An eggshell-structured N-doped silicon composite anode with high anti-pulverization and favorable electronic conductivity

Silicon is the most promising anode alternative for the next generation of lithium-ion batteries. However, the capacity of Si anodes quickly fades because of its large volume change during lithiation/delithiation, which heavily prevents its practical use. To alleviate this problem, herein, we design and prepare a microscale N-doped Si composite that has an eggshell structure. Mechanical milling of the sintered Si-xLiNH(2) mixtures under a CO2 atmosphere leads to the successful in situ creation of a similar to 10 nm thick amorphous Li2CO3 and SiOx shell containing well-dispersed Si3N4 nanocrystals on the surface of Si microparticles.
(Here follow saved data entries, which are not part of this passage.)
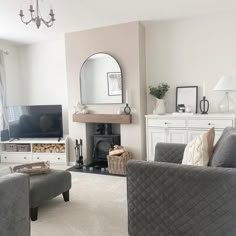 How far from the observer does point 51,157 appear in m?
4.86

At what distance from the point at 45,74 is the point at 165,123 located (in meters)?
2.99

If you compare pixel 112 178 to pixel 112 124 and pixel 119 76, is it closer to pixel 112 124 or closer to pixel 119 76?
pixel 112 124

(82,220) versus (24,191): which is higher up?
(24,191)

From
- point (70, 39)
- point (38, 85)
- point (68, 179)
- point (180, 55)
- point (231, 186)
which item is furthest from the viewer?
point (38, 85)

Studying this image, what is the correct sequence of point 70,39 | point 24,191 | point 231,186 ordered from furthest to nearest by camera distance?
point 70,39, point 24,191, point 231,186

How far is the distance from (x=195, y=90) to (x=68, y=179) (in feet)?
8.08

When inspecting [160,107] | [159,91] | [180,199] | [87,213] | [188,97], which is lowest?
[87,213]

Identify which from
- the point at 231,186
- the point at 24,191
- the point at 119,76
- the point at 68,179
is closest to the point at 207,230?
the point at 231,186

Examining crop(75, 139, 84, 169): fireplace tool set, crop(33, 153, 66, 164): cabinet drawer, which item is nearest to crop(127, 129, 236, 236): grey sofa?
crop(75, 139, 84, 169): fireplace tool set

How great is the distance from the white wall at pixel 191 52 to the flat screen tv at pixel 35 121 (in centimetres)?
182

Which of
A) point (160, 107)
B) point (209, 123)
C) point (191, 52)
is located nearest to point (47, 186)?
point (160, 107)

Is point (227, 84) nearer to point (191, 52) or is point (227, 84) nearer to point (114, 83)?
point (191, 52)

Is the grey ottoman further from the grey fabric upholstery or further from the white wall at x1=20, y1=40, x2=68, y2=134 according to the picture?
the white wall at x1=20, y1=40, x2=68, y2=134

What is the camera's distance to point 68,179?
10.0 feet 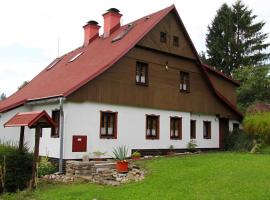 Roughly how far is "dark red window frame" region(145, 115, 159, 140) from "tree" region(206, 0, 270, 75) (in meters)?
24.7

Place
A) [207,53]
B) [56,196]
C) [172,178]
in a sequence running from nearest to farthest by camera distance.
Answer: [56,196]
[172,178]
[207,53]

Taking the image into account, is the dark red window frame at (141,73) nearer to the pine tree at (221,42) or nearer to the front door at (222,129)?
the front door at (222,129)

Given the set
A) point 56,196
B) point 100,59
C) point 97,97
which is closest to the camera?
point 56,196

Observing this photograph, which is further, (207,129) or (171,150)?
(207,129)

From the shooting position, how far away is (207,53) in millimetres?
44562

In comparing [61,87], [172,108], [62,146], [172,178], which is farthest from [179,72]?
[172,178]

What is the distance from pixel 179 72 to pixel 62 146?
8254 mm

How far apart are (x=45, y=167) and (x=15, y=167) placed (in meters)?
3.51

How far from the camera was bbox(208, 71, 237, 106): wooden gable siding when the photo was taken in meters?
26.1

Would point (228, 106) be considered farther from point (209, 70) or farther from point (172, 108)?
point (172, 108)

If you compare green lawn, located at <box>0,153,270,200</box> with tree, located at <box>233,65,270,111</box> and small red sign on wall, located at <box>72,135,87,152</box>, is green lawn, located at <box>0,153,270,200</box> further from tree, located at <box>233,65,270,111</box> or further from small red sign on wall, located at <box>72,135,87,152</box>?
tree, located at <box>233,65,270,111</box>

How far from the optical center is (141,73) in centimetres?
1992

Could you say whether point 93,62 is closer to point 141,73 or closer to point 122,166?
point 141,73

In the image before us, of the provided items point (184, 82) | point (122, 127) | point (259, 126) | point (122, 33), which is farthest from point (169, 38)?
point (259, 126) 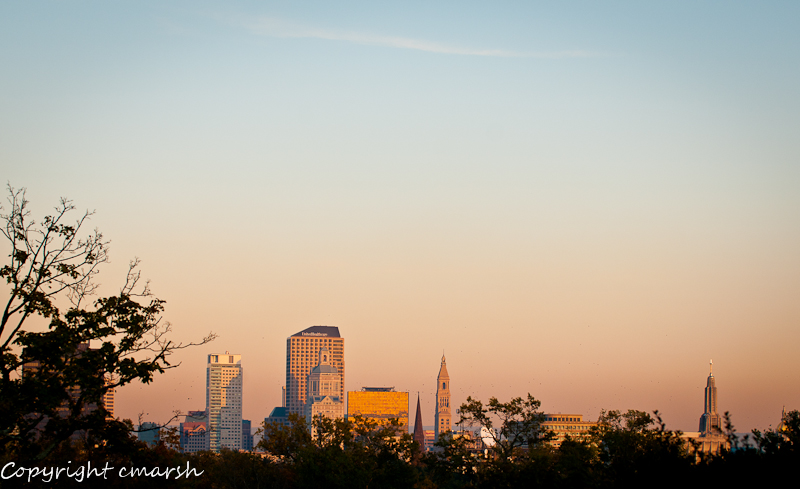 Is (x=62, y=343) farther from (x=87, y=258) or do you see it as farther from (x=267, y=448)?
(x=267, y=448)

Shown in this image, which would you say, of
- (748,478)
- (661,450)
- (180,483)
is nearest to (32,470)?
(180,483)

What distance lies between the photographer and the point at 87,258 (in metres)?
30.4

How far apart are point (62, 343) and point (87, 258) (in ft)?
11.4

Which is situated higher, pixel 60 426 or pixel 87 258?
pixel 87 258

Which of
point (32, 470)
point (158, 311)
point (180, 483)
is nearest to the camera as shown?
point (158, 311)

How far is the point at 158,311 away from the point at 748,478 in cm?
1914

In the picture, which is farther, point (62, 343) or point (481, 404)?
point (481, 404)

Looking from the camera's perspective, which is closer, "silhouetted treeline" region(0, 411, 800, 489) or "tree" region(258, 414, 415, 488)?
"silhouetted treeline" region(0, 411, 800, 489)

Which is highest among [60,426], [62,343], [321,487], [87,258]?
[87,258]

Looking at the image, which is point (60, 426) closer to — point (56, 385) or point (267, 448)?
point (56, 385)

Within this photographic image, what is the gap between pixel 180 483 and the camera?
50188 mm

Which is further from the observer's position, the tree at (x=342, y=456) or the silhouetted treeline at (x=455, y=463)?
the tree at (x=342, y=456)

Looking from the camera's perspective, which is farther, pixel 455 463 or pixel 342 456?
pixel 455 463

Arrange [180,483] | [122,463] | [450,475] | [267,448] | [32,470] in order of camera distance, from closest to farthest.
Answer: [32,470] → [122,463] → [180,483] → [450,475] → [267,448] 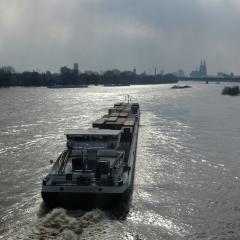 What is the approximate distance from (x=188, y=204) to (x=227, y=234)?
5.66 m

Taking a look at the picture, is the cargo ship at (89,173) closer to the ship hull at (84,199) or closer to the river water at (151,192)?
the ship hull at (84,199)

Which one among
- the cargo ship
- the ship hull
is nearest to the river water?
the ship hull

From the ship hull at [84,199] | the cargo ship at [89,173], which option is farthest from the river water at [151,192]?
the cargo ship at [89,173]

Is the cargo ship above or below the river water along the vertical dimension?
above

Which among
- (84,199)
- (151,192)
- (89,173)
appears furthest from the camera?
(151,192)

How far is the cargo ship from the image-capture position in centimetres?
3262

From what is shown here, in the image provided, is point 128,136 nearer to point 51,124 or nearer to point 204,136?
point 204,136

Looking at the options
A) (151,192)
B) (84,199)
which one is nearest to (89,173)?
(84,199)

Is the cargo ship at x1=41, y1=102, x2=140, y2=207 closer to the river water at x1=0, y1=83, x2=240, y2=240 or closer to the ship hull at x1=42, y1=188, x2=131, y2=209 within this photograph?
the ship hull at x1=42, y1=188, x2=131, y2=209

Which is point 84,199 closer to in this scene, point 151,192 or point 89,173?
point 89,173

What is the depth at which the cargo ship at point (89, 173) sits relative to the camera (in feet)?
107

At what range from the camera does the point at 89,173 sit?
35.1m

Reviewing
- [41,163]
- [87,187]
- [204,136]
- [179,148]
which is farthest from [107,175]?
[204,136]

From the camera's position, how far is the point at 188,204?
→ 3466cm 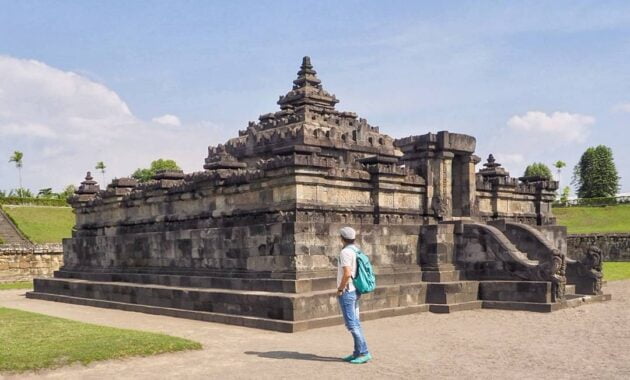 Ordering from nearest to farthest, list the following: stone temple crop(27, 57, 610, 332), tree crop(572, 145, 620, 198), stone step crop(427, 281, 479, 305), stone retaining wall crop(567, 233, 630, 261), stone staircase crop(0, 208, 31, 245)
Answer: stone temple crop(27, 57, 610, 332) → stone step crop(427, 281, 479, 305) → stone retaining wall crop(567, 233, 630, 261) → stone staircase crop(0, 208, 31, 245) → tree crop(572, 145, 620, 198)

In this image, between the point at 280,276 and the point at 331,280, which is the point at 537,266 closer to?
the point at 331,280

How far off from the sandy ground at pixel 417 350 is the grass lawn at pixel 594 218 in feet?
125

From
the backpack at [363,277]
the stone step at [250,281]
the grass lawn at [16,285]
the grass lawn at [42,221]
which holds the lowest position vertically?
the grass lawn at [16,285]

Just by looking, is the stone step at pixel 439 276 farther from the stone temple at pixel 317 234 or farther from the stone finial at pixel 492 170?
the stone finial at pixel 492 170

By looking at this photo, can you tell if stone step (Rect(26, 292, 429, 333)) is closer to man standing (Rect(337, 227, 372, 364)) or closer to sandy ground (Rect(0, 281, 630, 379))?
sandy ground (Rect(0, 281, 630, 379))

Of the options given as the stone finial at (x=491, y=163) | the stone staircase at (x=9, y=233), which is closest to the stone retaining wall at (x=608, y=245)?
the stone finial at (x=491, y=163)

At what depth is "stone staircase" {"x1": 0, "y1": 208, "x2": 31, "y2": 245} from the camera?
40000 millimetres

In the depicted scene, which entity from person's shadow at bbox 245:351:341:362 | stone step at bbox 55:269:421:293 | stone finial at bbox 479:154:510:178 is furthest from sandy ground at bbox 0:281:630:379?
stone finial at bbox 479:154:510:178

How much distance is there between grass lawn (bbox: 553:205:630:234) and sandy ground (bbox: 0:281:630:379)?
37977mm

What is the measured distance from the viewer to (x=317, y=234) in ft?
42.7

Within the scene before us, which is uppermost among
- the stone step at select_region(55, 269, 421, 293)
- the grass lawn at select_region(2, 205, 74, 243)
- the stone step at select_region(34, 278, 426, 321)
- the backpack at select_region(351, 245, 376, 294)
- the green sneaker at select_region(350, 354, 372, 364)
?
the grass lawn at select_region(2, 205, 74, 243)

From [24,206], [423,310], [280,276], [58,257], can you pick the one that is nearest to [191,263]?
[280,276]

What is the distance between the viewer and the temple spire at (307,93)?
19.3 metres

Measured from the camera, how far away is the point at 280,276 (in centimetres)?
1281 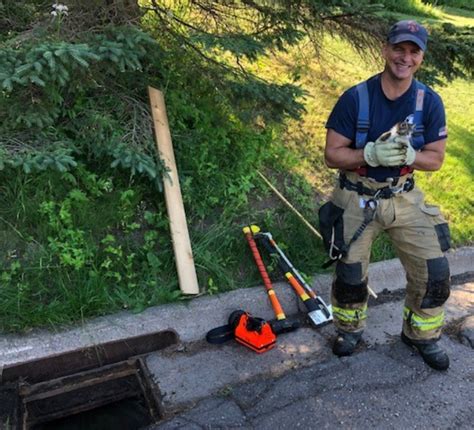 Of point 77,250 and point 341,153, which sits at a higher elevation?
point 341,153

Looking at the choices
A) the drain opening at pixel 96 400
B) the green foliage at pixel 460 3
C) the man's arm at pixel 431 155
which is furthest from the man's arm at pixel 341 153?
the green foliage at pixel 460 3

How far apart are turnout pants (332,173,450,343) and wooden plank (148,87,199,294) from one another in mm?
1046

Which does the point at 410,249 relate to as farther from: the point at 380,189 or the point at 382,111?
the point at 382,111

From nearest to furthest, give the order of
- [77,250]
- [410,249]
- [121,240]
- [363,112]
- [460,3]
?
[363,112] < [410,249] < [77,250] < [121,240] < [460,3]

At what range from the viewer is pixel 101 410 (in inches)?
124

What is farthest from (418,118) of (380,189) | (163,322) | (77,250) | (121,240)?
(77,250)

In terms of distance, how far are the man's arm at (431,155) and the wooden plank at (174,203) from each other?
166 centimetres

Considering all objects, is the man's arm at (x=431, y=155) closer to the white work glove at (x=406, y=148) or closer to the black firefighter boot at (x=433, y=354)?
the white work glove at (x=406, y=148)

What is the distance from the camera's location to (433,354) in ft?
10.1

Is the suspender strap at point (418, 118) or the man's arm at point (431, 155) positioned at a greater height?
the suspender strap at point (418, 118)

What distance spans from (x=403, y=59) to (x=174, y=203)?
1.88 m

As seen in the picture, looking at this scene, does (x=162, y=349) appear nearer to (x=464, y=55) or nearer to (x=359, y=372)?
(x=359, y=372)

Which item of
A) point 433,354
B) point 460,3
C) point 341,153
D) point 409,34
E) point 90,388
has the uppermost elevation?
point 460,3

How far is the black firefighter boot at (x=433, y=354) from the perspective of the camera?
3.05m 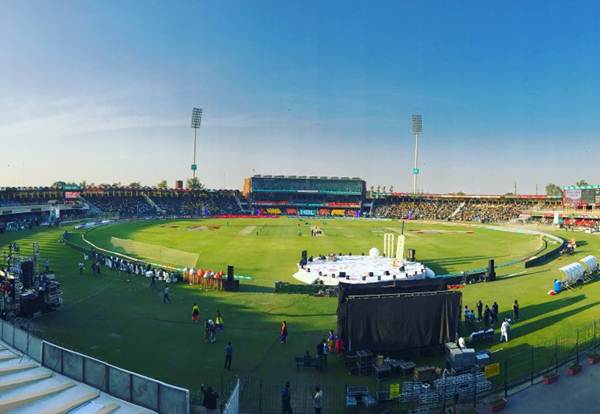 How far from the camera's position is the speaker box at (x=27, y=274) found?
2422cm

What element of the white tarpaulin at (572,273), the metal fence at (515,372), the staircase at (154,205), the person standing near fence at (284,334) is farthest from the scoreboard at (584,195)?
the staircase at (154,205)

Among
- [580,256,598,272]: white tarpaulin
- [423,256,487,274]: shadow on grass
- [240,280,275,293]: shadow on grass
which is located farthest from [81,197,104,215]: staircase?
[580,256,598,272]: white tarpaulin

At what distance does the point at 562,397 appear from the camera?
1412 cm

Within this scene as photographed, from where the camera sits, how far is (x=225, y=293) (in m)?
29.8

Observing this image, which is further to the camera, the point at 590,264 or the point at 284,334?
the point at 590,264

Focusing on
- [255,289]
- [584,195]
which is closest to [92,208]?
[255,289]

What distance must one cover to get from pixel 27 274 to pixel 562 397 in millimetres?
27203

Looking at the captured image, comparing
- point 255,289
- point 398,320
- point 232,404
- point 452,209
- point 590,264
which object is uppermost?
point 452,209

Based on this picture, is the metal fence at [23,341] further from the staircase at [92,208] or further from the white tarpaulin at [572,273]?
the staircase at [92,208]

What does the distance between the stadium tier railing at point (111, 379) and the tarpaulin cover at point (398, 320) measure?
31.2 ft

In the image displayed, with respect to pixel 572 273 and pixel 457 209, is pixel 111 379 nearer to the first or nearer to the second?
pixel 572 273

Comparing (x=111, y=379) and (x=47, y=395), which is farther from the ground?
(x=111, y=379)

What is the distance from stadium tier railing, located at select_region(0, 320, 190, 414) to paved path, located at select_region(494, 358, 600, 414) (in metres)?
10.3

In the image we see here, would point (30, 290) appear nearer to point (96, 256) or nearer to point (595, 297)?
point (96, 256) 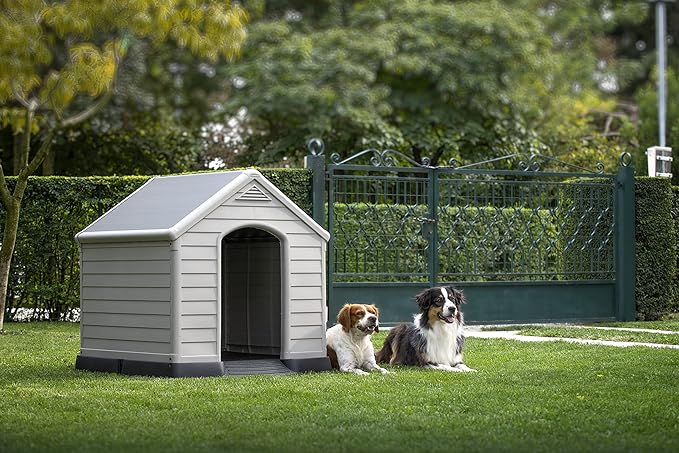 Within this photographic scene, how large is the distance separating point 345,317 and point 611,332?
5.53 metres

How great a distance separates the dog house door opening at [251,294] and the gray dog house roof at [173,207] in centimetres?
98

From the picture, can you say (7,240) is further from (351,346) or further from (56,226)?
(351,346)

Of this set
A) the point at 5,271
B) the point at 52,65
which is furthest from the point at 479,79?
the point at 5,271

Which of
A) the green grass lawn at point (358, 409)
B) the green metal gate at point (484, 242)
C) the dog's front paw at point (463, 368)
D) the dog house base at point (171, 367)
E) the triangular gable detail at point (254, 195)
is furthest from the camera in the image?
the green metal gate at point (484, 242)

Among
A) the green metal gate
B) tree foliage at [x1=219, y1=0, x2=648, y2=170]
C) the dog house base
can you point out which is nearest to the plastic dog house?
the dog house base

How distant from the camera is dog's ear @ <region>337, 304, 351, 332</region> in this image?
36.6 ft

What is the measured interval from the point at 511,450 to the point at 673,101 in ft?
95.2

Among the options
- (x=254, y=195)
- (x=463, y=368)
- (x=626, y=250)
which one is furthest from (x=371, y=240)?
(x=254, y=195)

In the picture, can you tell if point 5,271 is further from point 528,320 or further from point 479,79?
point 479,79

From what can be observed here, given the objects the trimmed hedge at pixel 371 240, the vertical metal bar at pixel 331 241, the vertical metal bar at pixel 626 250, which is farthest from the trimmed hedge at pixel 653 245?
the vertical metal bar at pixel 331 241

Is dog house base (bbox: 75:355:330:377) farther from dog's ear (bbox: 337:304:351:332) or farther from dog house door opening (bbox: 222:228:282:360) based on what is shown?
dog house door opening (bbox: 222:228:282:360)

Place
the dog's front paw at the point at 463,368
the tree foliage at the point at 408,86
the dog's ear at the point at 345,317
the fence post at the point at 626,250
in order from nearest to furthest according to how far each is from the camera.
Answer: the dog's ear at the point at 345,317 < the dog's front paw at the point at 463,368 < the fence post at the point at 626,250 < the tree foliage at the point at 408,86

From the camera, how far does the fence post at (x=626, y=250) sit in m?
18.2

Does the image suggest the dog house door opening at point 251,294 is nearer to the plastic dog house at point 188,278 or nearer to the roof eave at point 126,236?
the plastic dog house at point 188,278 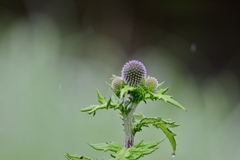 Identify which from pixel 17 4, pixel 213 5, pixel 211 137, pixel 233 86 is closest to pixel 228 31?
pixel 213 5

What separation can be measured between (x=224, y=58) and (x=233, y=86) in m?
0.15

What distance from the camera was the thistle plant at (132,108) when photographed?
46 cm

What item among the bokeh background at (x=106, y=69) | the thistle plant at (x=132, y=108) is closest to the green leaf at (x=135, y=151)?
the thistle plant at (x=132, y=108)

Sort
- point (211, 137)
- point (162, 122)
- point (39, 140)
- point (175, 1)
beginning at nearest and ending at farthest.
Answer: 1. point (162, 122)
2. point (39, 140)
3. point (211, 137)
4. point (175, 1)

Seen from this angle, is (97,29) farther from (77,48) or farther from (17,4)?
(17,4)

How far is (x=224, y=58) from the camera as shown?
1893 mm

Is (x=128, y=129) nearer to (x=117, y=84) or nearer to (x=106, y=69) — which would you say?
(x=117, y=84)

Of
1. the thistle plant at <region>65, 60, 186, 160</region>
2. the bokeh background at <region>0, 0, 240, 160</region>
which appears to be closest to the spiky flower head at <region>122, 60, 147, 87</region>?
the thistle plant at <region>65, 60, 186, 160</region>

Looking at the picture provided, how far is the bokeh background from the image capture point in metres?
1.58

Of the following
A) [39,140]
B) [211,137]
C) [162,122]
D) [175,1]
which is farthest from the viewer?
[175,1]

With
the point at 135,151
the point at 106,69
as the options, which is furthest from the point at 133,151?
the point at 106,69

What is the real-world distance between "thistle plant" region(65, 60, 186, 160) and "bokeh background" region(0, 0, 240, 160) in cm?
98

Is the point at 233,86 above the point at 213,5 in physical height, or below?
below

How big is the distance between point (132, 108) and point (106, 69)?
1.25 meters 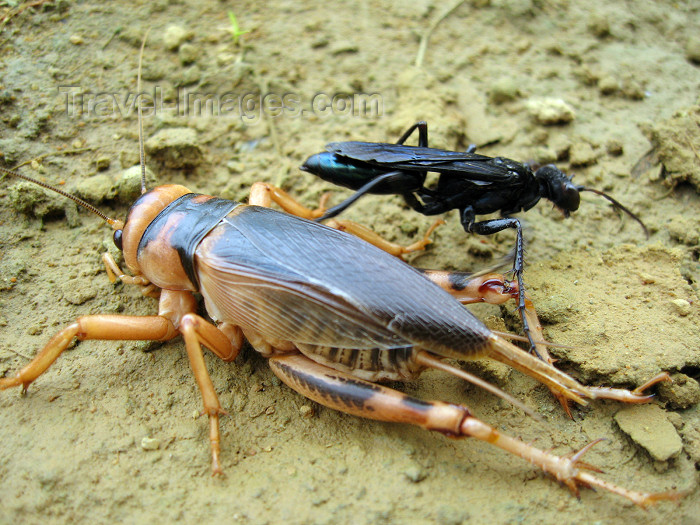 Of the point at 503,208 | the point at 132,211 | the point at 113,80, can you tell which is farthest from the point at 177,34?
the point at 503,208

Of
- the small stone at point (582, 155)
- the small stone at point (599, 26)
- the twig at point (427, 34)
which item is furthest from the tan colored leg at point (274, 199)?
the small stone at point (599, 26)

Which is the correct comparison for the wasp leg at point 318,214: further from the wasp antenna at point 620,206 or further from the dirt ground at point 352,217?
the wasp antenna at point 620,206

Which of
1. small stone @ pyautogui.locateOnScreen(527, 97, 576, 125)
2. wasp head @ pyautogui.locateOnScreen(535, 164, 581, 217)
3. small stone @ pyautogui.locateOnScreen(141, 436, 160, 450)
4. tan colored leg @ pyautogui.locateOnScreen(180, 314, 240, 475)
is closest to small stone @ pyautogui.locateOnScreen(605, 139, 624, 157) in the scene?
small stone @ pyautogui.locateOnScreen(527, 97, 576, 125)

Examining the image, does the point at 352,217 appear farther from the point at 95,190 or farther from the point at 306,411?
the point at 95,190

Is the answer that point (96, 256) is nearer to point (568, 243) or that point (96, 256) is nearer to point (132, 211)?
point (132, 211)

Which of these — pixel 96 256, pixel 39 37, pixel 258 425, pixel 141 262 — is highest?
pixel 39 37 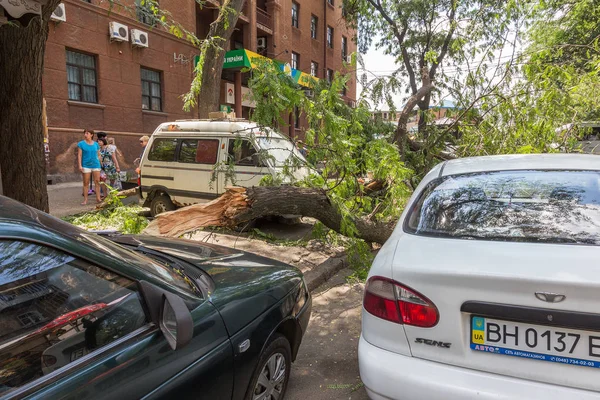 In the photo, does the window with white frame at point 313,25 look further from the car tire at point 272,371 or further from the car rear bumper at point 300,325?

The fine and dispersed Si3N4 nanocrystals significantly enhance the mechanical properties of the amorphous shell, providing it with remarkable hardness and toughness, consequently hindering the pulverization of the micro-Si particles during lithiation/delithiation. Moreover, doping with N improves the electrical conductivity of the Si composites, and the in situ-formed Li2CO3 contributes to a stable SEI layer on the electrode surface. Thus, the N-doped micro-Si composite with an eggshell structure demonstrates excellent electrochemical properties including a high initial reversible capacity (1820 mA h g(-1)), a reasonable cycle performance (1020 mA h g(-1) after 600 cycles), and a good rate capability (1117 mA h g(-1) at 2000 mA g(-1)).